Tuesday, November 16, 2010

assembly tutorial

http://docs.sun.com/app/docs/doc/817-5477/ennab?a=view

 There are two types of lables: symbolic and numeric.

Symbolic Labels

A symbolic label consists of an identifier (or symbol) followed by a colon (:) (ASCII 0x3A). Symbolic labels must be defined only once. Symbolic labels have global scope and appear in the object file's symbol table.
Symbolic labels with identifiers beginning with a period (.) (ASCII 0x2E) are considered to have local scope and are not included in the object file's symbol table.

Numeric Labels

A numeric label consists of a single digit in the range zero (0) through nine (9) followed by a colon (:). Numeric labels are used only for local reference and are not included in the object file's symbol table. Numeric labels have limited scope and can be redefined repeatedly.
When a numeric label is used as a reference (as an instruction operand, for example), the suffixes b (“backward”) or f (“forward”) should be added to the numeric label. For numeric label N, the reference Nb refers to the nearest label N defined before the reference, and the reference Nf refers to the nearest label N defined after the reference. The following example illustrates the use of numeric labels:
1:          / define numeric label "1"
one:        / define symbolic label "one"

/ ... assembler code ...

jmp   1f    / jump to first numeric label "1" defined
            / after this instruction
            / (this reference is equivalent to label "two")

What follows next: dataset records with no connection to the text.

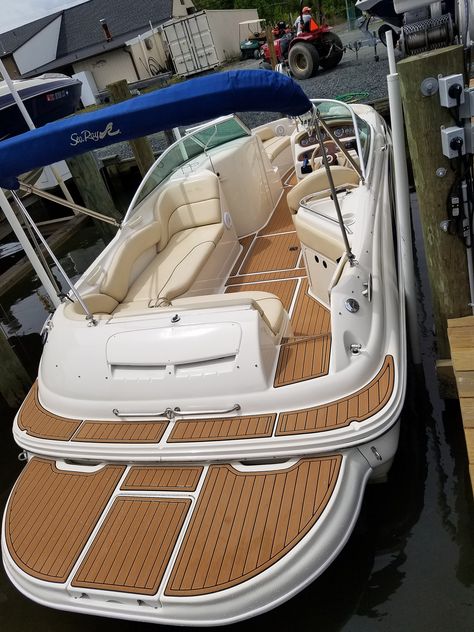 SeaDek on a 2001 SeaRay 240 Sun Deck installed by #SeaDek Certified Fabricator JetBoatPilot www.jetboatpilot.com  https://flic.kr/p/JA9LLw | Searay Boats, Sundeck Ideas, Boat Renovation, Cabin Cruiser Boat, Boating Lifestyle, Nice Boats, Marine Flooring, Boat Upholstery, Sport Fishing Boats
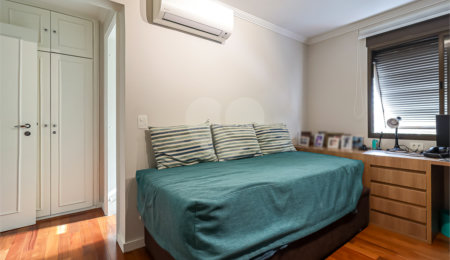 Apartamento à venda com 4 quartos, sendo 2 suítes,  em Moema, São Paulo, SP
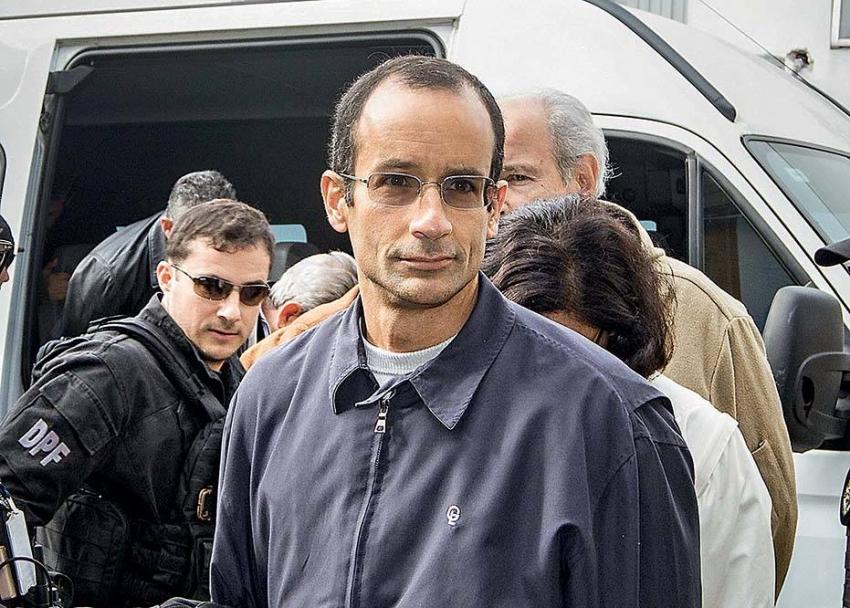 Marcelo Odebrecht deixa a carceragem da Polícia Federal, em Curitiba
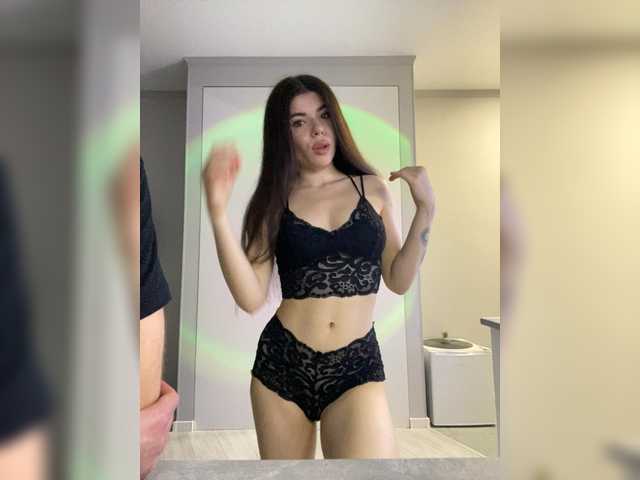 Gummy-Bears's BongaCams show and profile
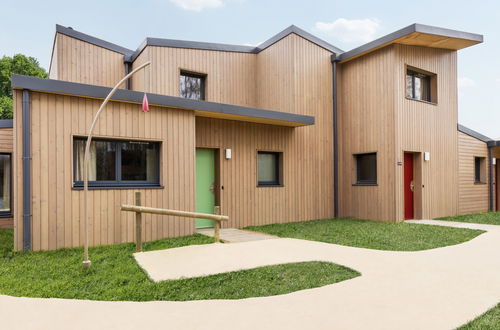 Photo 2 - Maison de 3 chambres à Villeneuve-le-Comte avec piscine et terrasse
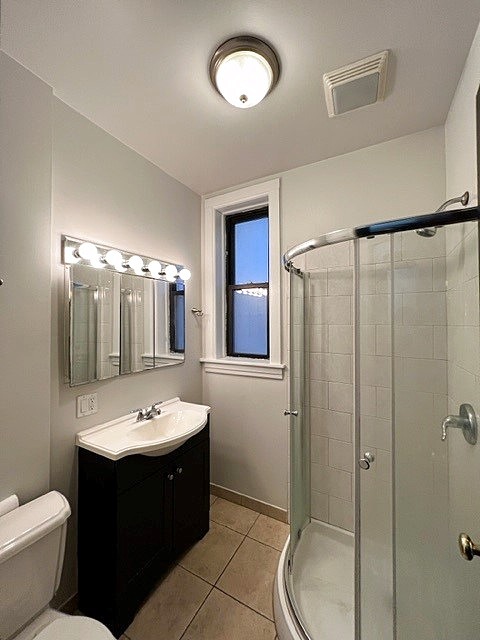 1231 N Greenview Avenue Unit: 1F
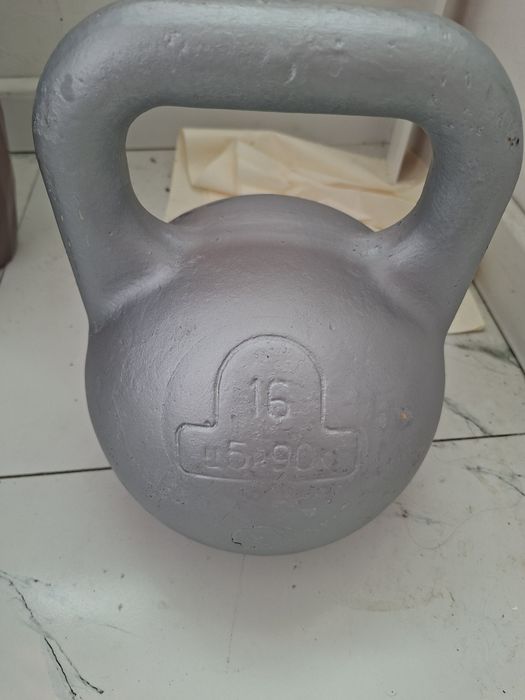 Продам 16 кг гирю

jmp   1b    / jump to last numeric label "1" defined
            / before this instruction
            / (this reference is equivalent to label "one")

1:          / redefine label "1"
two:        / define symbolic label "two"

jmp   1b    / jump to last numeric label "1" defined
            / before this instruction
            / (this reference is equivalent to label "two")

Operands
An x86 instruction can have zero to three operands. Operands are separated by commas (,) (ASCII 0x2C). For instructions with two operands, the first (lefthand) operand is the source operand, and the second (righthand) operand is the destination operand (that is, source->destination).

Note – The Intel assembler uses the opposite order (destination<-source) for operands.

Operands can be immediate (that is, constant expressions that evaluate to an inline value), register (a value in the processor number registers), or memory (a value stored in memory). An indirect operand contains the address of the actual operand value. Indirect operands are specified by prefixing the operand with an asterisk (*) (ASCII 0x2A). Only jump and call instructions can use indirect operands.
  • Immediate operands are prefixed with a dollar sign ($) (ASCII 0x24)
  • Register names are prefixed with a percent sign (%) (ASCII 0x25)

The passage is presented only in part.